German daily Bild reports that the Tesla’s Model Y production line will come to a complete standstill from Monday (11th July).
Engineers are to study and rearrange the factory floor in a bid to smooth out logjams in the manufacture.
Musk hoped for 500,000 cars a year to roll off the line at the 300-hectare plant in Gruenheide, Brandenburg state, when it opened last March.
But according to Bild, its weekly output is 1,000 cars a week, just 10 per cent of the original target.
Employees will work in three instead of two shifts after the two-week revamp, according to Bild.

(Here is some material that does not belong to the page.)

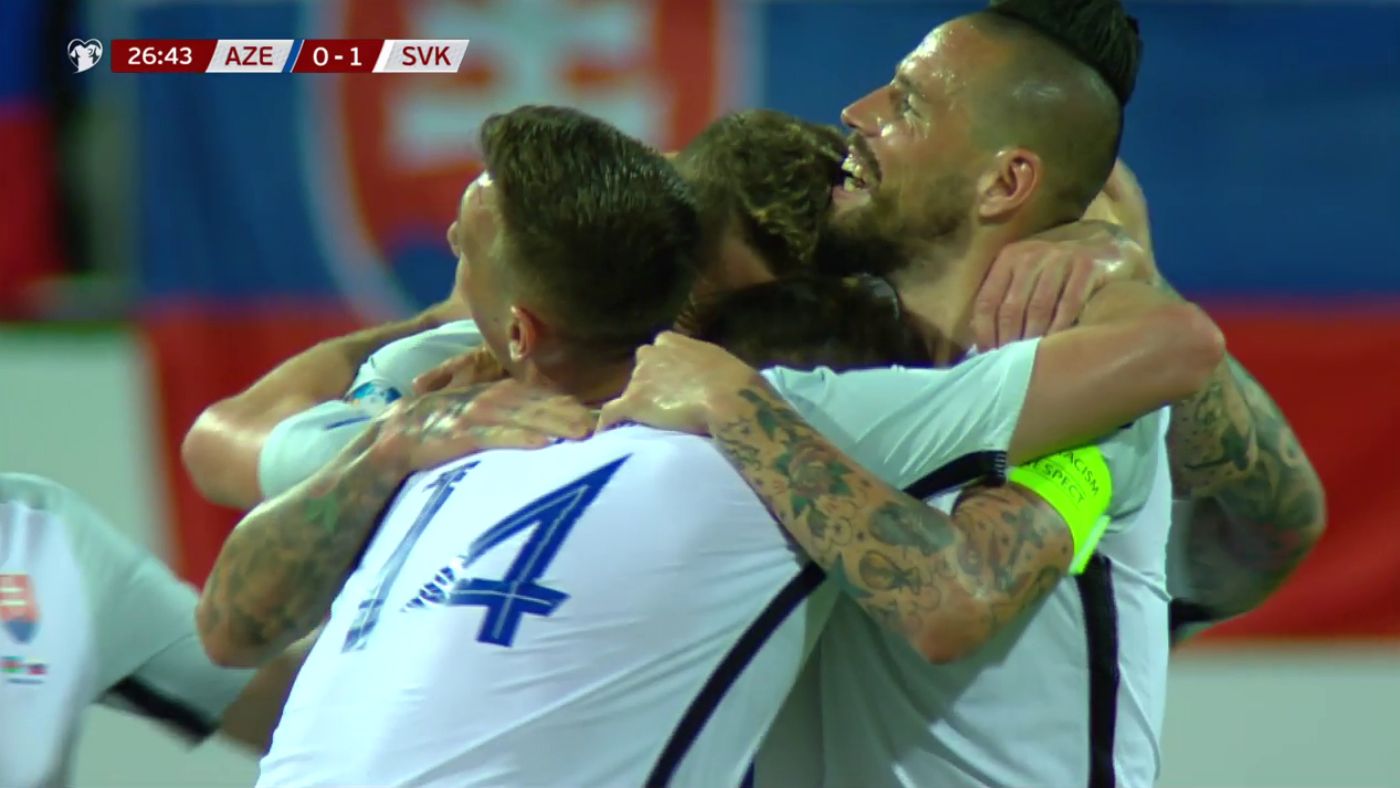 8q98i7d7oksj_azerbaiyan_eslovaquia.jpg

It is also understood that Tesla would concentrate on manufacturing the electric motors of its cars in an adjacent construction hall instead of importing them from its Giga Factory in Shanghai.
Tesla’s Y Model – a five-door midsize SUV – has quickly become one of the most popular e-cars in the world. Prices start at GBP 55,000.
It has also emerged that Tesla is experiencing considerable difficulties finding qualified staff.
Joerg Steinbach – Economy Minister of Brandenburg state – says Tesla is hiring between 400 and 500 new employees every month.
Bild claims that Tesla might have to scrap its plans to launch a battery cell production line by the end of this year if the company fails to hire an even bigger workforce.
Tesla intends to have a workforce of 9,000 at the Gruenheide plant in half a year, according to the newspaper.
Plans to expand the factory – 20 miles southeast of Berlin – are reportedly on hold as the local council refuses to give the green light.
The USD 5.5 billion factory opened in March after receiving a last-minute environment permit by the federal authorities.
Musk and German Chancellor Olaf Scholz attended the opening ceremony.
The Canadian-American entrepreneur said: “Thank you, Brandenburg, thank you, Gruenheide, thank you, Germany.”
Musk added: “With solar power, wind energy and storage, we ensure sustainability. Believe in the future!”
Scholz announced: “This is a sign of progress happening in Germany. Electronic mobility is the technology of the future.”
The construction of the factory has outraged environment protection organisations as dozens of hectares were deforested.
Reports that the Tesla plant might need as much water as a town of 40,000 residents sparked further controversy – and concerns among local residents about potential water supply shortages.